Вечером я открыла один из журналов, который подарил мне Виталин, на подборке его рассказов. Их реальность казалась более ясной, чем жизнь за окном, чем моё прошлое и будущее. Один из них был о девушке Таечке, другой – о нашем Воскресенском кладбище: два друга сидят на лавочке возле старинной могилы и вспоминают обо всём на свете. Они разговаривают о том странном небе, которое только и существует на самом деле. О пространстве синем и неизвестном, о нежности неизведанной. Весенняя сирень ещё больше отстраняет их от настоящего, соловьиный вечер постепенно переходит в соловьиную ночь.

Таечка же обитала в вечном марте и сразу же начала собираться на прогулку, хватаясь то за сумочку, то за ключи, которые всегда боялась забыть, то выбирая шарф, который должен быть в цвет и в тон с одеждой, и в то же время не слишком холодным или колючим.

Шерстяная ткань коснулась щеки. В приоткрытую дверь сквозило мартовским пьяным ветерком: коричневый запах обнажившихся прошлогодних листьев, освобождённая земля, нежность.

Я закрыла журнал и как сомнамбула вышла в ближнее, недалеко от дома простёршееся поле. Не очень понимала, зачем это делала, но чувствовала, что так надо.

Март в этом году был ранним и вкрадчиво-тёплым, снег уже растаял. Чёрно-синие грачи ходили по блестящей пашне и клевали невидимых червяков. В небе метались стайки суматошных тёмных птиц, это были галки. Сквозь их гомон и свист ветра в проводах стала пробиваться сначала невнятная, а потом странно-чёткая речь.

Владимир Фёдорович Виталин шёл рядом со своей спутницей по разбитой дороге и рассказывал. Но не о тяжёлой семейной жизни, а о юности, о том, как жил в нашем студгородке, учился на филолога, а вечерами вот так же ходил по полям – до чёрного оврага, до звучащего ручья, до пашни, которая летом будет влажно-бежевой от спелой ржи, а осенью ярко-зелёной от озими.
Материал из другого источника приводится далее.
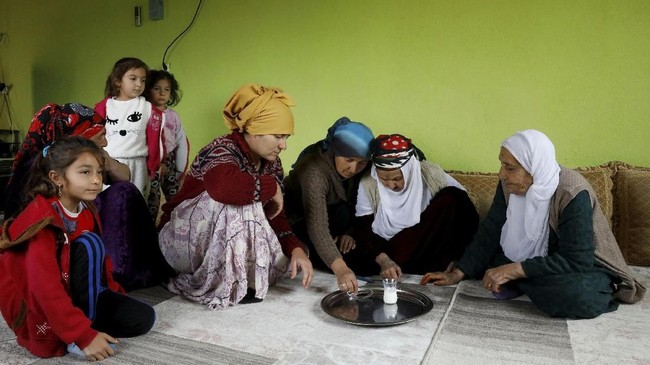 FOTO Memenangkan Hati dengan Tato  dari ASI dan Jelaga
И не было у него ещё никаких забот, кроме желания достичь этой светлой дали, понять, что там – за поворотом, за очередным холмом, дорогой, неосторожно спускающейся в ложбину, за дальними ярко-белыми от солнца домами, в недостроенности своей похожими на древний амфитеатр.

– Моя совсем простая мысль не в том, что времени нет, а в том, как сохранить то, что теперь не существует. Если даже я возвращаюсь, то всё равно обратно не вернусь. Если иду сейчас с тобой рядом, то при этом понимаю, что это кончится, и мне нестерпимо хочется сохранить именно этот момент. Потому что он тоже прекратится, как этот ветер. Станет теплее, но теперешней весны уже не будет. Она навсегда отпечатается внутри меня, как и другие вёсны. Понимаешь, что я постоянно таскаю с собой этот вечный груз? Наверное, понимаешь, хотя ты всегда молчишь. Правильно делаешь: слова имеют смысл, только записанные на бумаге, в остальном можно обойтись и без них.

– Ох-охонюшки, – глубокомысленно сказала Таечка и поправила свой шарф: мартовский ветер был хотя и лёгким, но коварным, он носился над светлой пашней, лежащей, как раскрытая книга земли.

Я повторила её жест и улыбнулась: вспомнила, что сборник Алексея Прасолова Виталин мне так и не вернул.